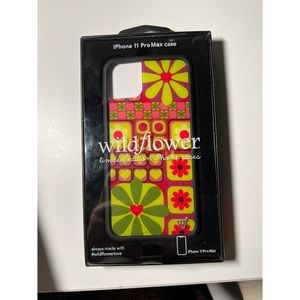 BRAND NEW UNOPENED WILDFLOWER CASES! iPhone 11 Pro Max 💓💗💖💕🤍
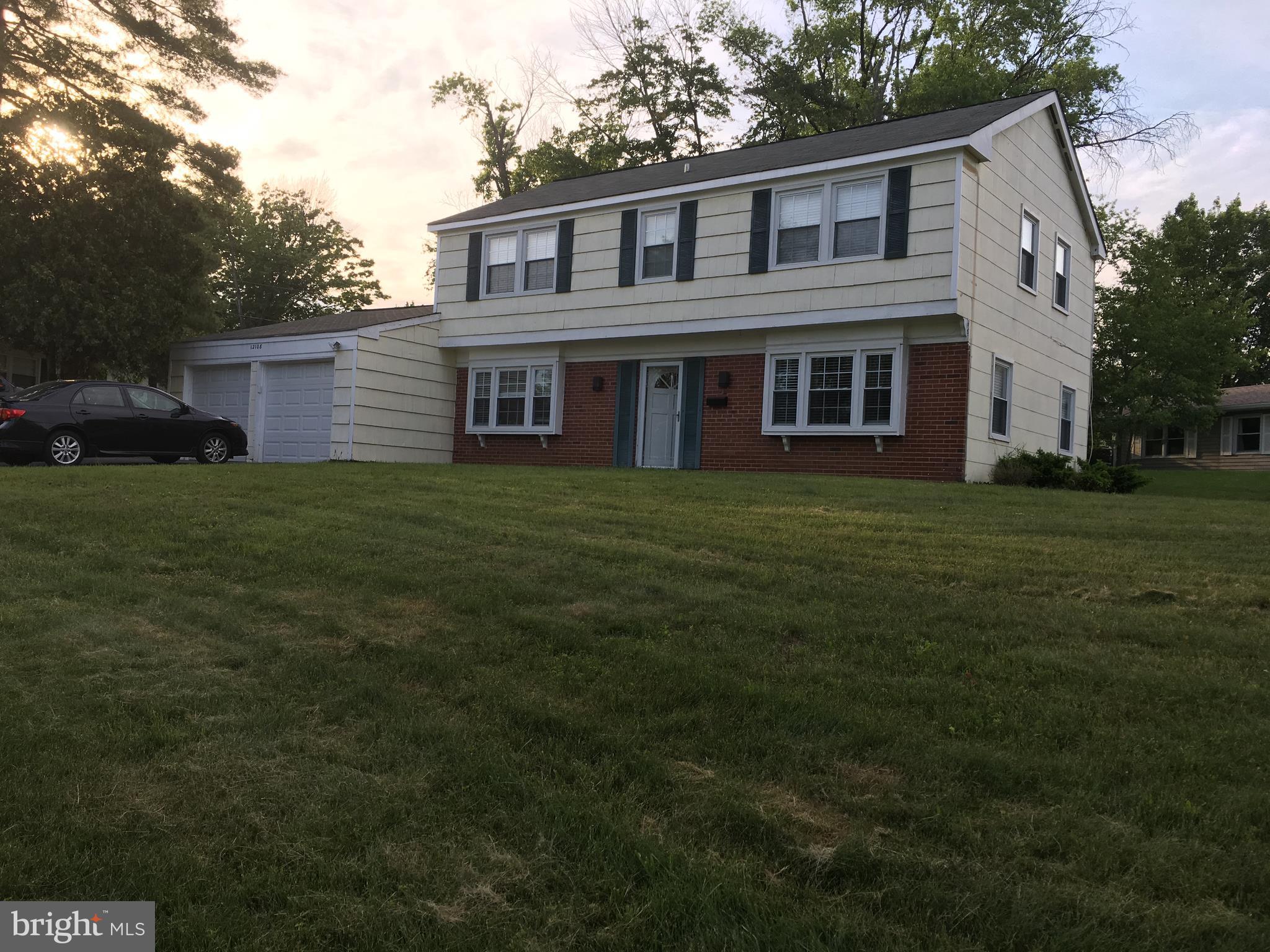 FOXHILL AT BELAIR - Residential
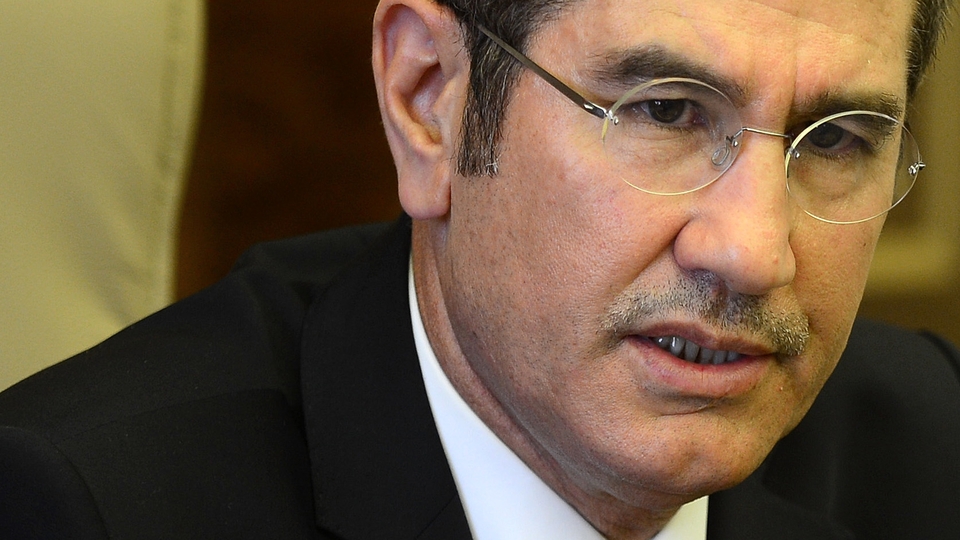 Bakan Canikli: Savunma ürünlerine ambargo uyguluyorlar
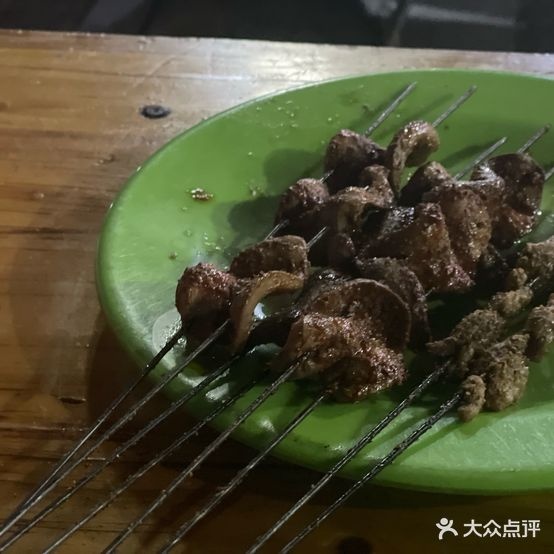 红庙路四小门口烧烤老店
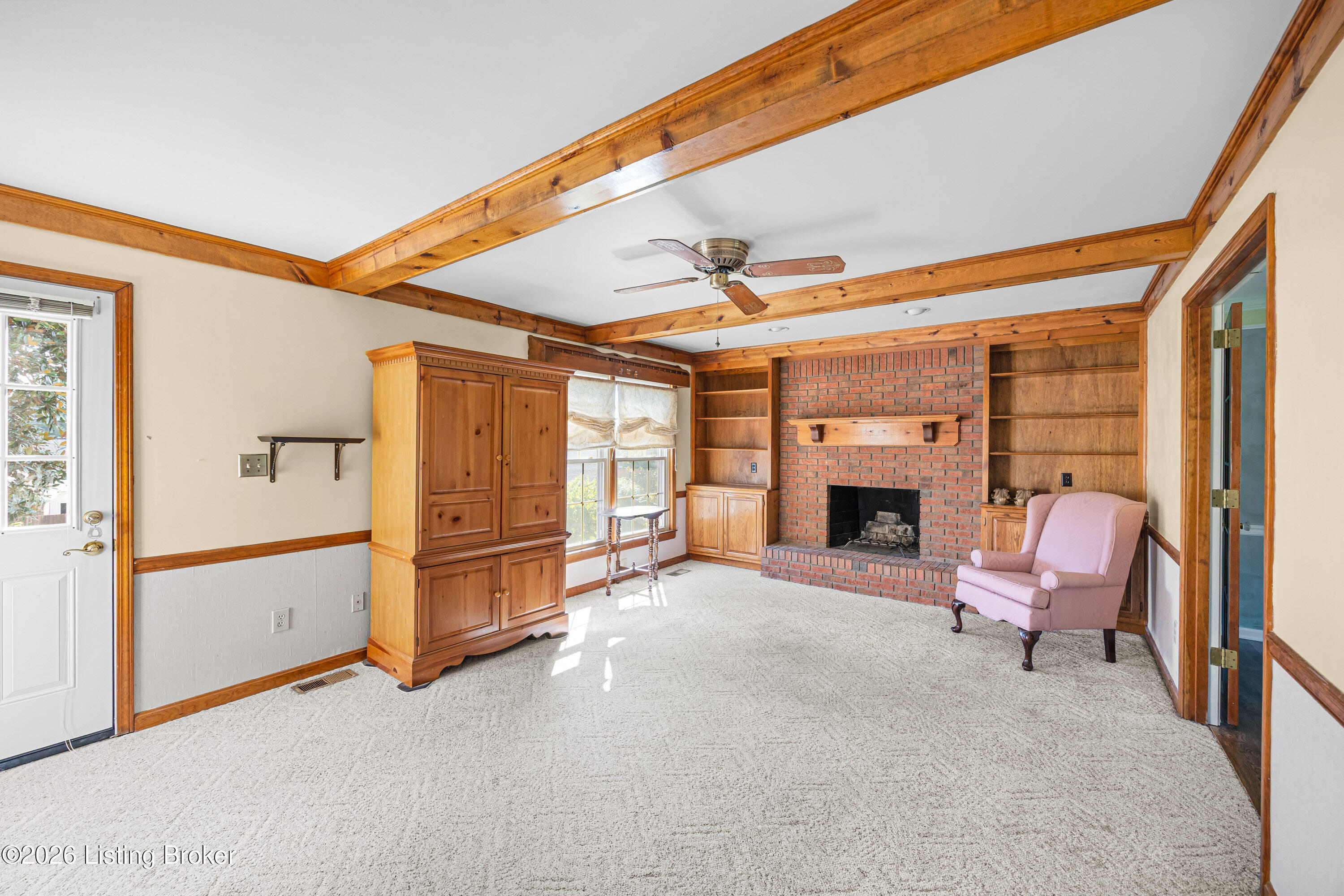 3905 Deer Lake Ct Property Photo 4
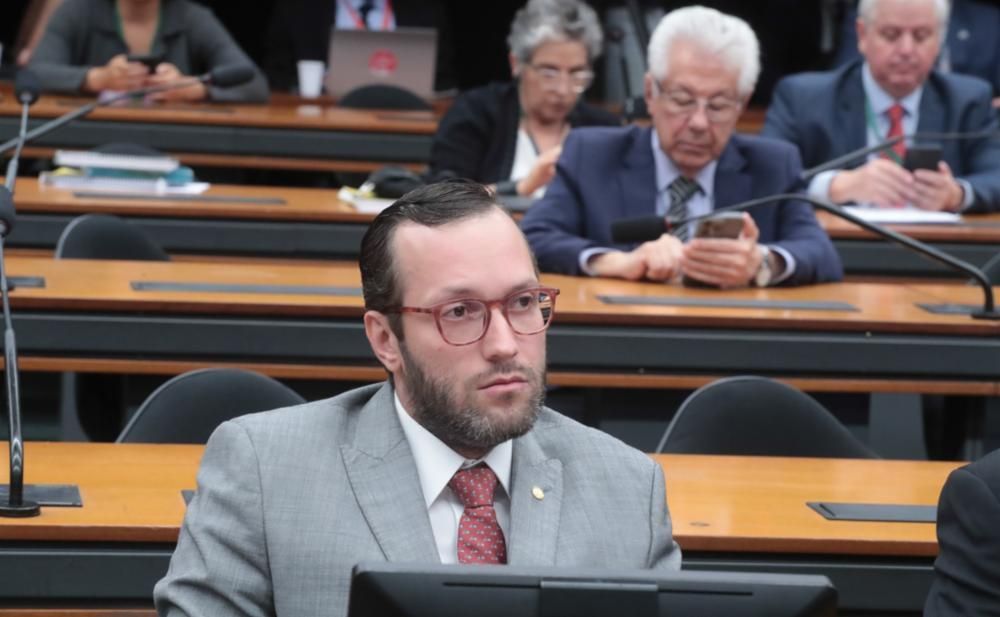 Filipe Barros, do PL, assume Comissão de Relações Exteriores da Câmara
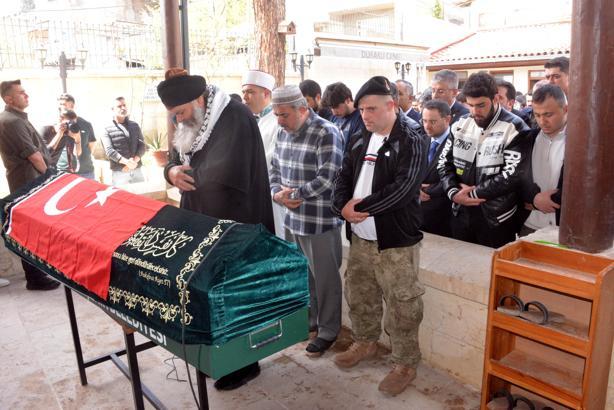 Kahramanmaraş’ta okuldaki saldırıda yaşamını yitiren öğrenciler toprağa verildi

• Work to complete: The lines running from the beginning of the listing above through the line that holds "Filipe Barros, do" are to be duplicated exactly, both ends kept, pictures omitted.

• Solution for this problem:
 BRAND NEW UNOPENED WILDFLOWER CASES! iPhone 11 Pro Max 💓💗💖💕🤍
 FOXHILL AT BELAIR - Residential
 Bakan Canikli: Savunma ürünlerine ambargo uyguluyorlar
 红庙路四小门口烧烤老店
 3905 Deer Lake Ct Property Photo 4
 Filipe Barros, do PL, assume Comissão de Relações Exteriores da Câmara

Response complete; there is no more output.